Entries provided:
* * *

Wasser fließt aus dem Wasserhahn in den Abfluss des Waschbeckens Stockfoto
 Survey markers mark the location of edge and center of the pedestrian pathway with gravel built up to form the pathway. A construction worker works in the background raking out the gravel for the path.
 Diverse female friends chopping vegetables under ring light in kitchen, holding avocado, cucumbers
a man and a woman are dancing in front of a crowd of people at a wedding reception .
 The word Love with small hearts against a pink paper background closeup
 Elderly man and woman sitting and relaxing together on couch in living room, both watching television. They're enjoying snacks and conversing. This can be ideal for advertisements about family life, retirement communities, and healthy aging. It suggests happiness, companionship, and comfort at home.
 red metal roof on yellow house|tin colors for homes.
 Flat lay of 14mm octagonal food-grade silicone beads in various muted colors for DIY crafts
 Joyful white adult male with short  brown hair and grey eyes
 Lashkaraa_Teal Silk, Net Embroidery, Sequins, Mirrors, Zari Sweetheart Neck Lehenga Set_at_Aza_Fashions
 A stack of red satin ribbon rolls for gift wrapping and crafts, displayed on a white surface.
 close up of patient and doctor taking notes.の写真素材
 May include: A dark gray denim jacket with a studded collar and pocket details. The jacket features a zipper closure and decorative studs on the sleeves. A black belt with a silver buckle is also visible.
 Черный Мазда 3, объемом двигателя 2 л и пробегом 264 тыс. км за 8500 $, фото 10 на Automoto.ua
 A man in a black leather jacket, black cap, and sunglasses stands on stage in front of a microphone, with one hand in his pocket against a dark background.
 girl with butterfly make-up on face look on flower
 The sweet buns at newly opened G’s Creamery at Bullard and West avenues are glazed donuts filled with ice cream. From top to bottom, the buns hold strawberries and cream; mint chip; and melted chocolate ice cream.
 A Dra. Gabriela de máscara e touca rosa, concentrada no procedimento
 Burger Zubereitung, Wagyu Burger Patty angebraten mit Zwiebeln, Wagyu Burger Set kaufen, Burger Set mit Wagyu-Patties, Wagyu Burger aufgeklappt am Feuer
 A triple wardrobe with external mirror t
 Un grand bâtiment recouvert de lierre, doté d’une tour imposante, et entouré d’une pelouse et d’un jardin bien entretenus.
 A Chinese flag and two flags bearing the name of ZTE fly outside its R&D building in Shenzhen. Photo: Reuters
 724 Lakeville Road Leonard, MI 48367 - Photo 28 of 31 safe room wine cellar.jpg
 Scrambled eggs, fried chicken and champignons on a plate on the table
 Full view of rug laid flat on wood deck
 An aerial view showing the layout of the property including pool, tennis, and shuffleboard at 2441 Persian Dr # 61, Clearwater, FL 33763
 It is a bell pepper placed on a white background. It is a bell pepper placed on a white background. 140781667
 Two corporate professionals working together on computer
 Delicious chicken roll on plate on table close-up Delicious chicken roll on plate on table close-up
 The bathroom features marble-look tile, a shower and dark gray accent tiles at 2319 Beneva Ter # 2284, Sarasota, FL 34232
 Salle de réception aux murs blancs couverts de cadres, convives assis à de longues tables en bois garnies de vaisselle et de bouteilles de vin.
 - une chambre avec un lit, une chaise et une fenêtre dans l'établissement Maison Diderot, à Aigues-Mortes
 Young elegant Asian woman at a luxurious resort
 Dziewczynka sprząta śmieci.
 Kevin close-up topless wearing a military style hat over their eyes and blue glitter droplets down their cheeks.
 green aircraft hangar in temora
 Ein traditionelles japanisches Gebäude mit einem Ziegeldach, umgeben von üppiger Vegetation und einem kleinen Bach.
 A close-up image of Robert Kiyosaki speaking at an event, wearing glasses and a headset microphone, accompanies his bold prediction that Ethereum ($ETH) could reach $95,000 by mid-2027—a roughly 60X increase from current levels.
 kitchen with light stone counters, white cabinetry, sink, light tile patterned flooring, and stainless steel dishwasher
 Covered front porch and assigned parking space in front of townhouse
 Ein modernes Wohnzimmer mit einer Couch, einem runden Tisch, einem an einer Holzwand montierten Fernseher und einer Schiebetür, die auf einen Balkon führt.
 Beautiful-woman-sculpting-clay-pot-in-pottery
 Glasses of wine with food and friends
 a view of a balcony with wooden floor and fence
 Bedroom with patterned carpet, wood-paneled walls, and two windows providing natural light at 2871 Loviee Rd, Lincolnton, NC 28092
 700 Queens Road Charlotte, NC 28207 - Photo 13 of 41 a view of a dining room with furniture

* * *

Description of the task: Filter the records for lines containing the word "plate" and copy each one.

Result of this task:
 Scrambled eggs, fried chicken and champignons on a plate on the table
 Delicious chicken roll on plate on table close-up Delicious chicken roll on plate on table close-up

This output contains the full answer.